**EXERCISE**
Your copy should hold exactly the lines from the one containing "Luksuzno sklopivi stropni" through the last line of the entries, and no pictures.

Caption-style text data
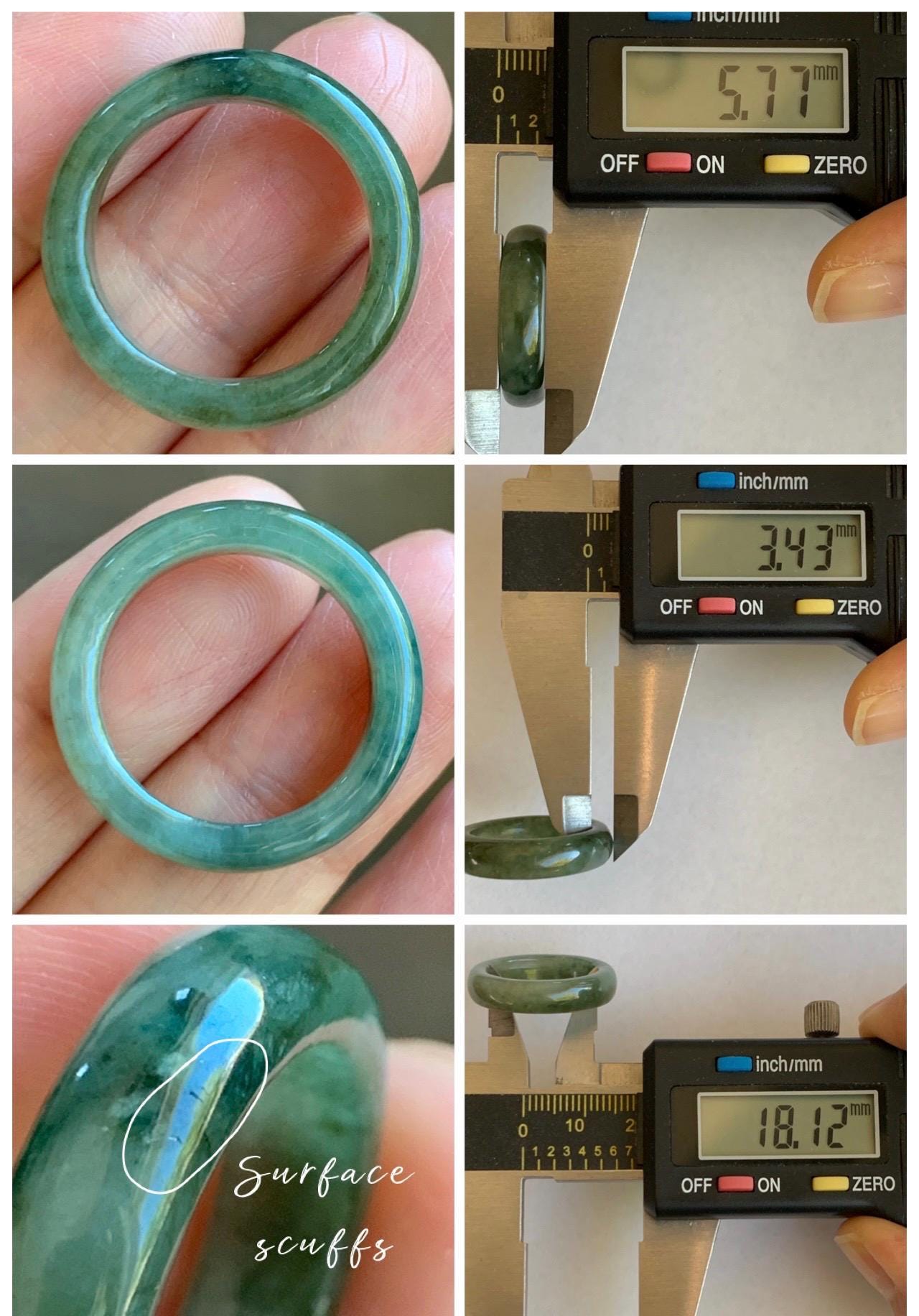 Natural Grade A Icy Translucent Olive Green Marbled Jade Jadeite Band Ring Size 7.75 US 3g 天然暗绿飘花翡翠戒圈 MAL66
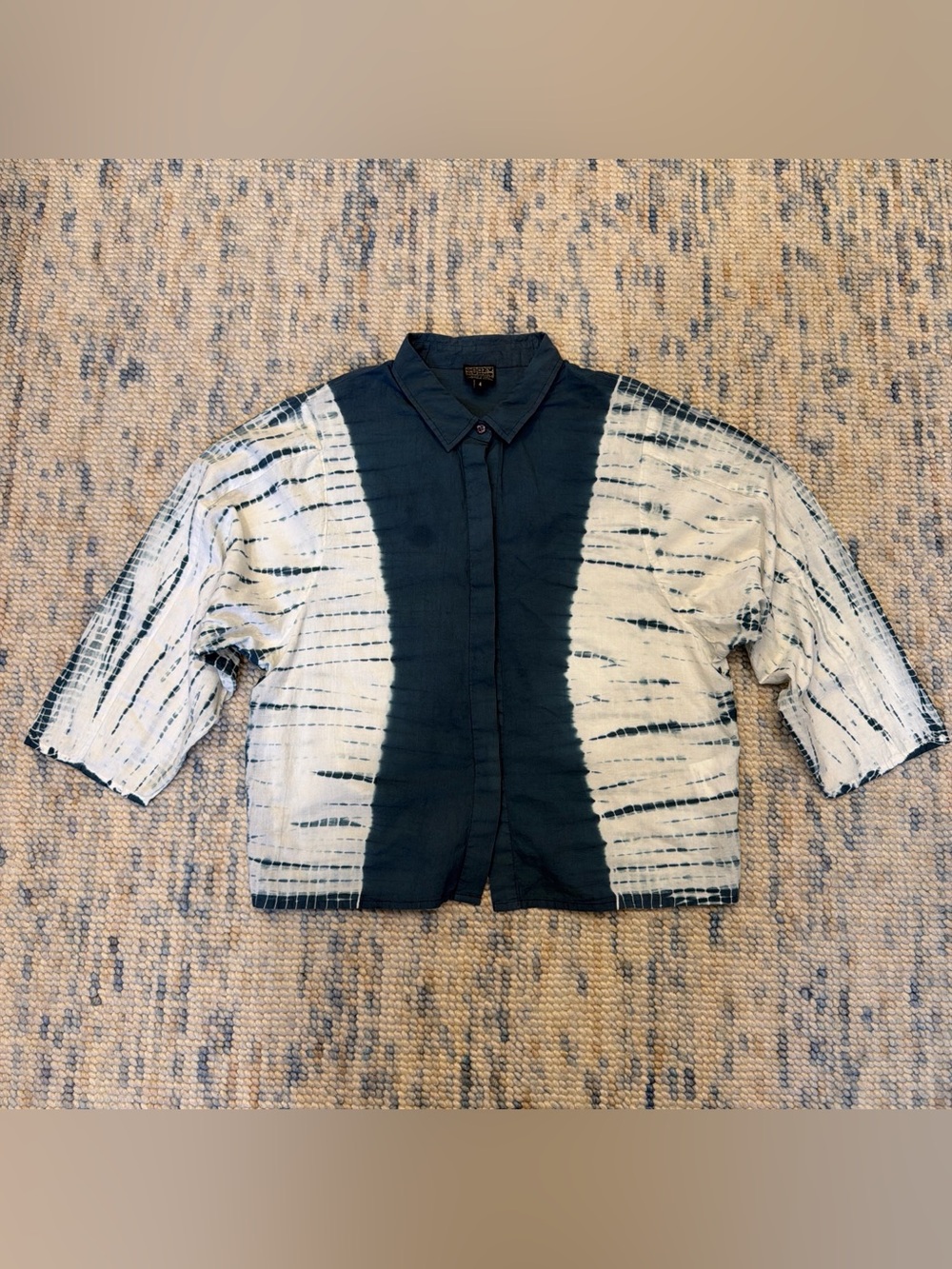 Tie Dye Teal Button-Up Shirt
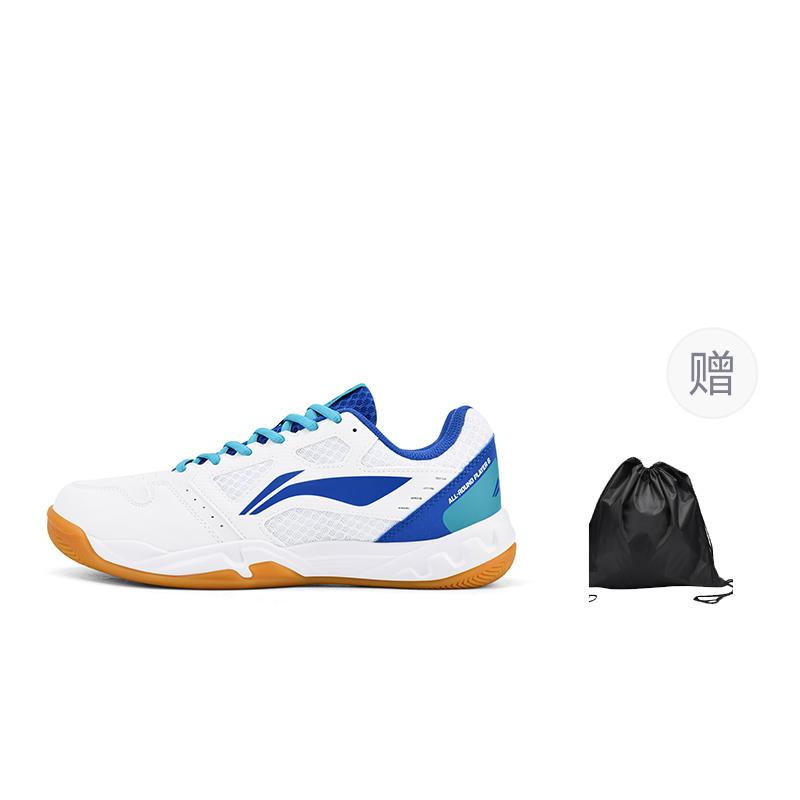 Li Ning The Flash 2.0 Cushioning Slip Resistant Low top Badminton Shoes Unisex White Blue AYTT023-2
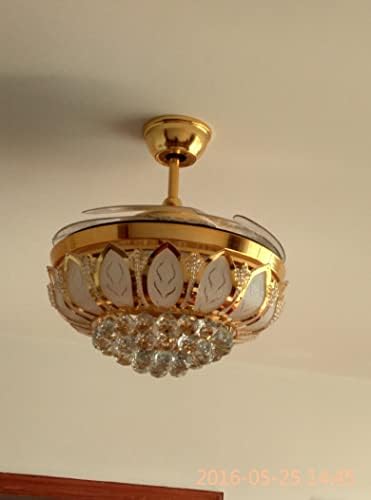 Luksuzno sklopivi stropni ventilator blagovaonica kromira zlatna kristalna svjetiljka s ventilatorom s daljinskim upravljačem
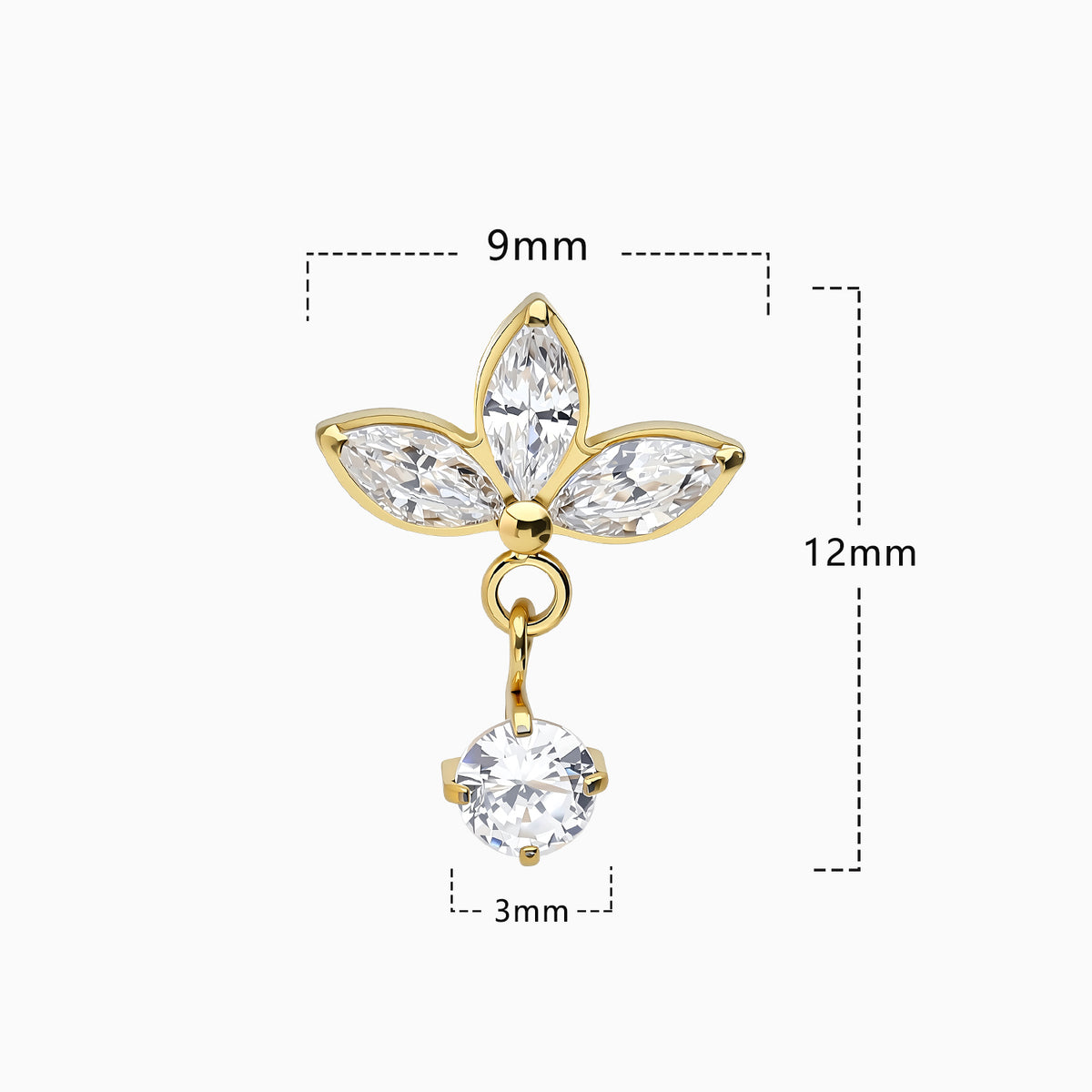 24Kt Gold PVD Titanium Threadless Triple Marquise Leaf with Hanging Gem Top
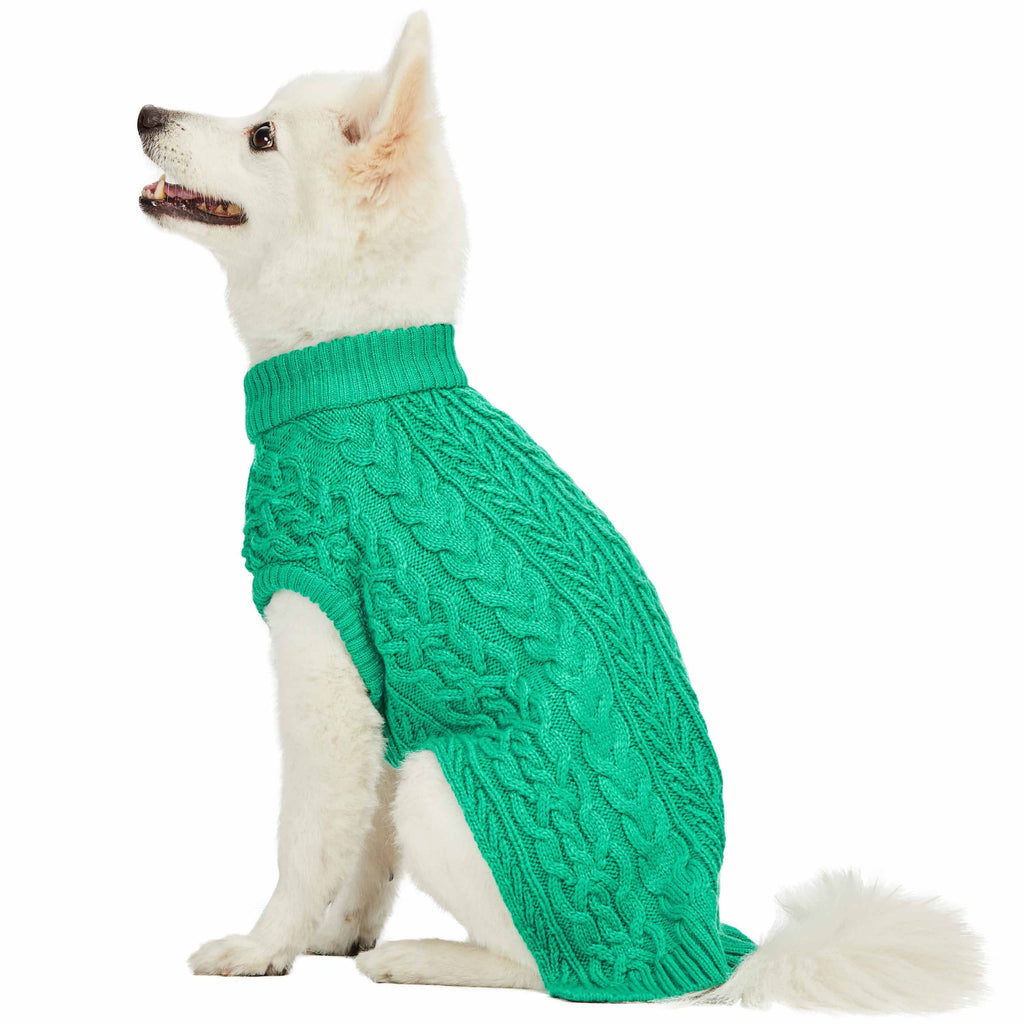 Green Cable Knit Dog Sweater by Bee & Willow Home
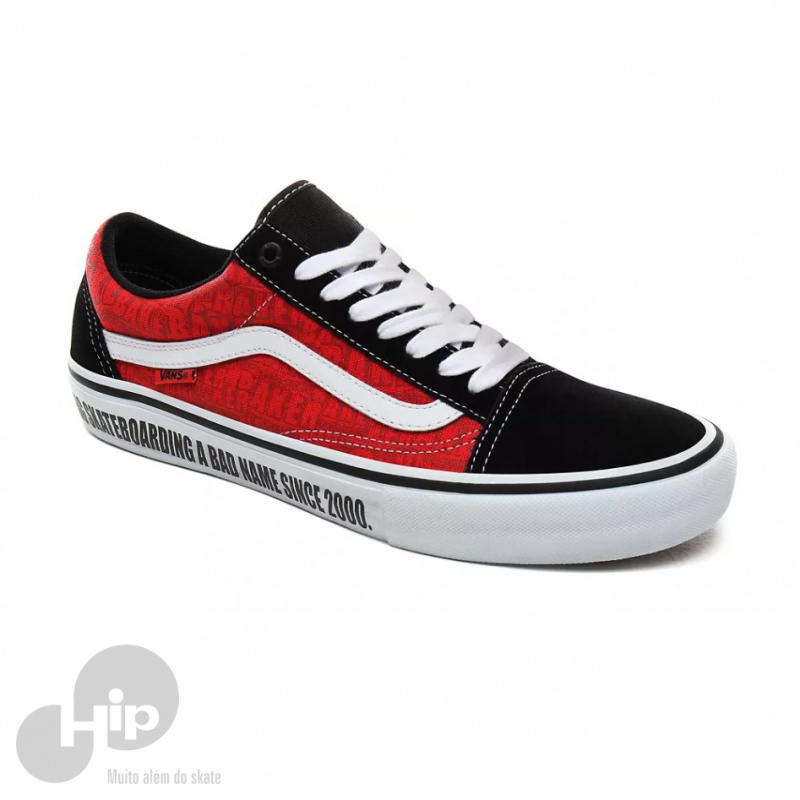 tenis vans old skool vermelho e preto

**SOLUTION BELOW**
 Luksuzno sklopivi stropni ventilator blagovaonica kromira zlatna kristalna svjetiljka s ventilatorom s daljinskim upravljačem
 24Kt Gold PVD Titanium Threadless Triple Marquise Leaf with Hanging Gem Top
 Green Cable Knit Dog Sweater by Bee & Willow Home
 tenis vans old skool vermelho e preto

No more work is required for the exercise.